This site is not optimized for Internet Explorer 9 and lower. Please choose another browser or upgrade your existing browser in order get the best experience of this website.
How to Hunt A Cheat
Knowledge Graphs in the Multibillion-Dollar Fight Against Fraud and Noncompliance
Few entities in the world capture as much data as the United States Department of the Treasury. Amid the hundreds of millions of annual financials, hide crooks and cheats who account for billions in fraud and noncompliance.
Fighting back by manually sifting through financial reports became untenable for one of the agency’s nine bureaus. There weren’t enough agents to do the job by hand – and 5,000 were already on the case.
Leadership turned to GraphGrid’s Connected Data Platform (CDP) to automatically connect data elements and enrich them with contextual meaning. With their newly connected data, they identified and recovered $10 million lost to fraud within 30 days of going live.
To better understand the scope of this challenge, and the magnitude of recovering so much, so quickly, consider that just this one bureau annually handles over 225 million individual reports and over 68 million cases via phone or in person. Adding more agents would never provide enough help to unearth all the potential fraud and noncompliance hiding in the bureau’s records.
That proved to be a nagging problem, Treasury and its various bureaus process forms and filings throughout the fiscal year. Without automated tools for spotting subtle signs of trouble, the bureau had no choice but to make educated guesses based on each investigator’s knowledge about which investigations might pay off with a recovery.

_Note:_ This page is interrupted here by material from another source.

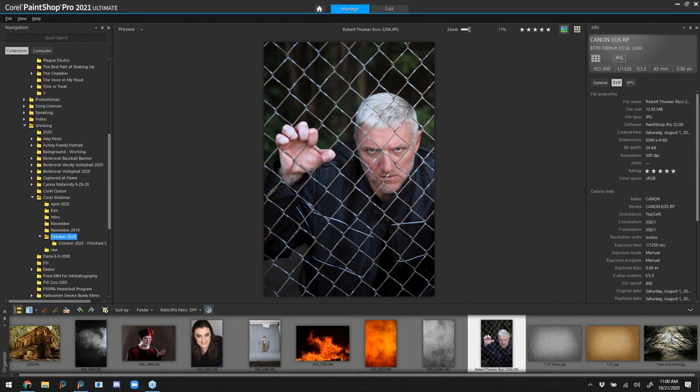Hello everyone and thanks so much for joining our webinar today on creating spooky photos in PaintShop Pro. Today I'm with PaintShop professional Brad Barton, who is a master at creating dramatic and mysterious scenes. He'll teach you how to take regular photographs and give them an eerie treatment using PaintShop Pro tools.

Think of it like searching for a needle in a haystack – when the haystack is petabytes of data that includes needles of varying shapes and sizes. You might find a needle, but you’ll be hunting in a wide area and may come up with nothing. It is a tedious and time-consuming task to find them without tooling that provides an advantage. GraphGrid CDP is like having a giant magnet that quickly pulls the needles to the surface.
In this case study, we’ll review how the bureau transformed the way investigators work by connecting their data with GraphGrid CDP.
By moving the responsibility of making key connections in the data from the investigators’ heads to the collaborative knowledge graph environment, CDP improved and automated investigations while adding capacity. They create a new R&D-like process that, to this day, allows for rapidly testing fraud pattern ideas without compromising existing casework.
Use knowledge graphs to add context to data, revealing patterns and accelerating insight.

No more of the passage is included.